Marcia Schneider: The One Book movement was initiated in 1998 by the Washington Center for the Book at the Seattle Public Library. Their first book selection was The Sweet Hereafter by Russell Banks, and their Seattle Reads program has featured a book a year ever since—their most recent pick was a graphic novel, Marjane Satrapi’s Persepolis.
The success of Seattle’s program drew the notice of other cities. Chicago jumped in a few years later with a first choice of To Kill a Mockingbird by Harper Lee, and soon dozens of American cities, towns, regions, and states were experimenting with similar programs. It has spread to other countries, as well, so now you have things like One Book One Brisbane in Australia—there is even a Canada-wide reading program sponsored by the Canadian Broadcasting Corporation.
In 2002 we participated in California Stories: Reading The Grapes of Wrath, a statewide reading initiative sponsored by the California Council for the Humanities and the California Center for the Book. This program resonated particularly strongly in the Central Valley, and included some programming gems such as a 24-hour Grapes of Wrath readathon at a Fresno Krispy Kremes! At the San Francisco Public Library we stocked up on the book and had some reading and discussion groups around it.
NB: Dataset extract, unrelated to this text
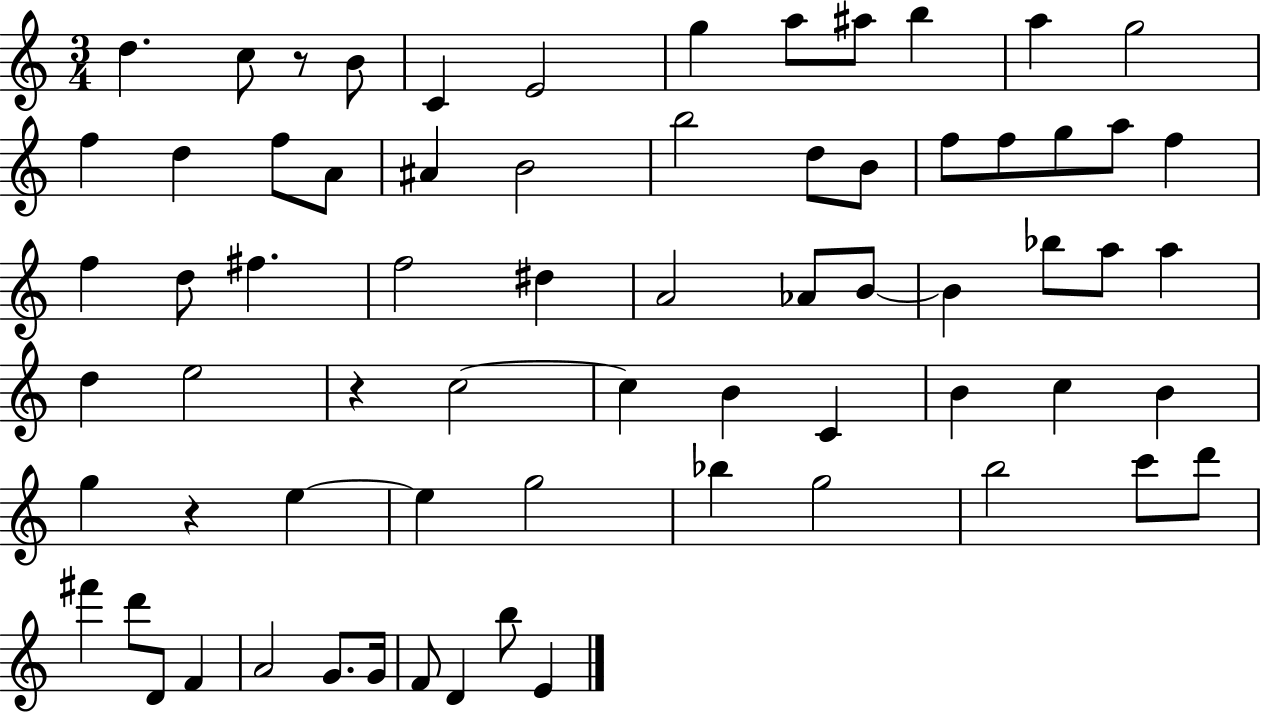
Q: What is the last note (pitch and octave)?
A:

Then in 2004 we were approached by two dynamic women: Diane Frankel, appointed in 1993 by Bill Clinton to be the first director of the newly formed Institute of Museum and Library Services, and Marilyn Waldman, a board member of the National Foundation for Jewish Culture. They offered to help organize and fundraise for a first One City One Book program in San Francisco.
LL: How does San Francisco choose a book? Who decides, and what are the criteria?
MS: We first determined that our citywide reading program would be a charge of the Library. At the same time, we felt that representation and participation by other sectors of the book community was important. Our first book selection committee included one of our natural partners, Hut Landon, Executive Director of the Northern California Booksellers Association. Also, we were lucky to have San Francisco Chronicle book review editor, Oscar Villalon; San Francisco public middle-school teacher Valerie Barth; and Dan Schifrin from the National Foundation for Jewish Culture. And of course, you and I represented the Library on the committee.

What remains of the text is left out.